Publié le par culture

C'est il y a 220 ans ; nous avons lu dans l'article précédent que depuis plusieurs jours Paris vibre de la tentation du Coup d'Etat sous les poussées des Sections. Le roi suit attentivement cette désintégration du climat politique et nous laisse le sentiment d'une forme de fatalisme. La seule cherchant à réagir est la Reine ; mais elle se heurte à beaucoup de passifs qui semblent résignés à leur sort.

Comment ne pas comprendre ces personnes passives alors que le chef de l'exécutif paraît inerte ? Comment ne pas comprendre cette résignation dans une atmosphère surréaliste ?

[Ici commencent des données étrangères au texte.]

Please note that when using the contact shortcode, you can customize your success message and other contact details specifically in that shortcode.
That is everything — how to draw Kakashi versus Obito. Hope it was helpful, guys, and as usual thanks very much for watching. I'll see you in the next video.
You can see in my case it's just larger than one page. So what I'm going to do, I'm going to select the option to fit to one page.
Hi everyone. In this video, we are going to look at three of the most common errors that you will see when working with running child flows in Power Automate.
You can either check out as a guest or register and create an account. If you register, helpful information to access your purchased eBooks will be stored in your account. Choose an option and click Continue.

D'un côté, un pouvoir non pas impuissant mais qui ne se sent plus obéi, miné par la corruption des idées des Lumières, de l'autre côté une masse qui bientôt se transformera en horde diabolique, assoiffée de sang, ne jurant que par la destruction du Trône et de l'Autel. Une masse manipulée par quelques meneurs aux arrières-pensées bien précises, mentalement embrigadée ; plus tard, on appellera cela "Manipulation Mentale", et contre ce fait qui lui échappe - Louis XVI est trop droit dans sa manière de penser - le Roi ne peut plus rien.

Chacun a éprouvé, au moins une fois dans sa vie, cette impuissance face à la mauvaise foi et à la perversité de la pensée.

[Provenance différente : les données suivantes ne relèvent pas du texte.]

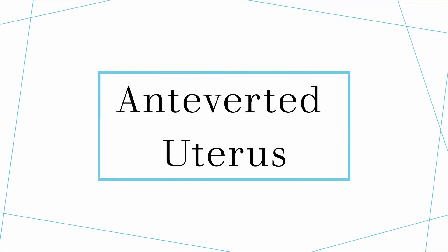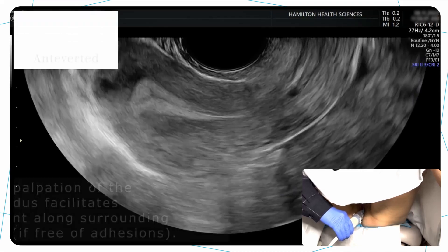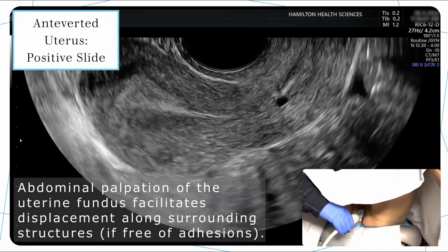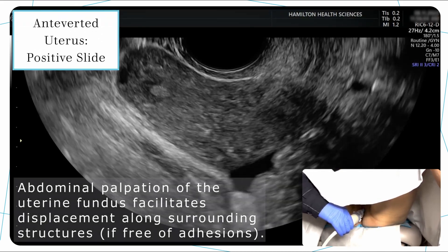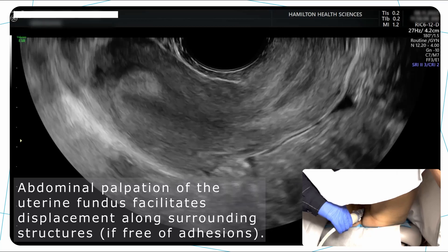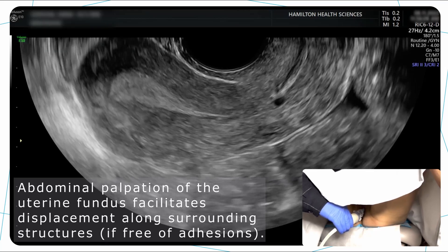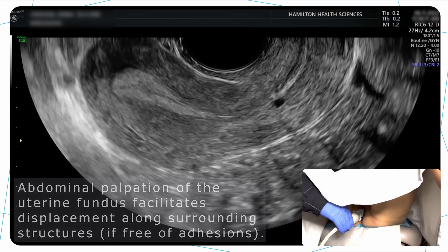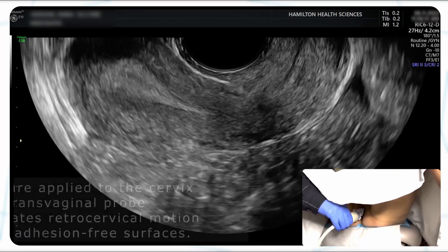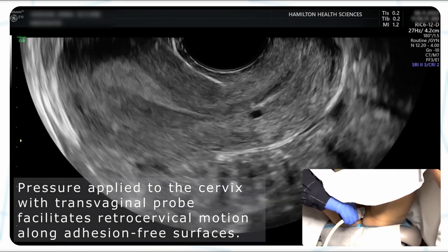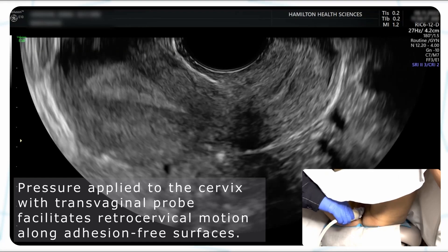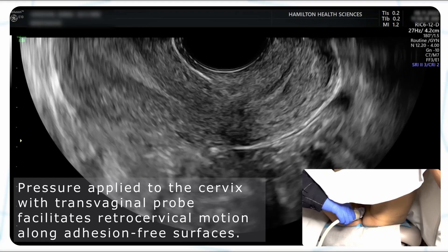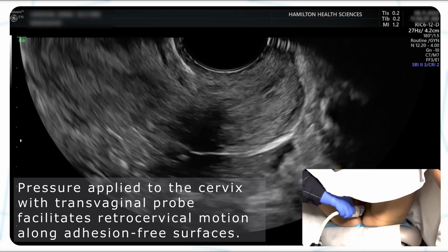In the first segment, we will display the positive sliding sign on the anteverted uterus. Pushing on the fundus of the uterus to elicit the sliding sign, we see that the uterus is moving down in the body while the bowel stays where it's meant to stay — the uterus is sliding along it. We can also apply the technique whereby we push with the probe on the cervix, and we see the sliding at the retrocervix.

Face au dernier Capétien légitime les adversaires sont nombreux.

En ce vendredi 10 août le Roi, qui a peu dormi, est debout dès 6 heures. L'attaque va commencer aux alentours de 7 heures par la cour du Louvre où aura lieu le "gros" de l'attaque.

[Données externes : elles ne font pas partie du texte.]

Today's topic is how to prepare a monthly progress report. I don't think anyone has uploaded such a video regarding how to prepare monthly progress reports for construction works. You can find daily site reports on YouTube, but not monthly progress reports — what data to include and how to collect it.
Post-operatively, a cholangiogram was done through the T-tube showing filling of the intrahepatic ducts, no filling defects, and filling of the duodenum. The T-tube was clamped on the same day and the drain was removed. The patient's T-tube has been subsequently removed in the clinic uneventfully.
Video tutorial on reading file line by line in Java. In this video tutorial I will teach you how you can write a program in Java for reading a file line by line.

Déjà, lors de la "répétition générale" du 20 juin, les assaillants - qui étaient les mêmes - ont fait le repérage des lieux. Mais ils sont, cette fois, bien plus nombreux: Quinze mille du Faubourg Saint Antoine (actuels 11è et 12è arrondissements), Cinq mille du Faubourg Saint-Marcel (actuels 13è et 5è arrondissements), auxquels se sont joints une partie des Gardes Nationales et nos fameux marseillais (beuglant leur "tub" devenu impérissable, aux paroles sanguinaires). A la tête d'une meute estimée à trente mille personnes, malandrins, poissardes, soldats, la Commune Insurrectionnelle qui a pris le pas sur l'Assemblée Nationale.

Armée de canons cette horde révolutionnaire est venue dans un seul but: renverser la monarchie (obsession depuis que Louis XVI a refusé les mesures contre le clergé).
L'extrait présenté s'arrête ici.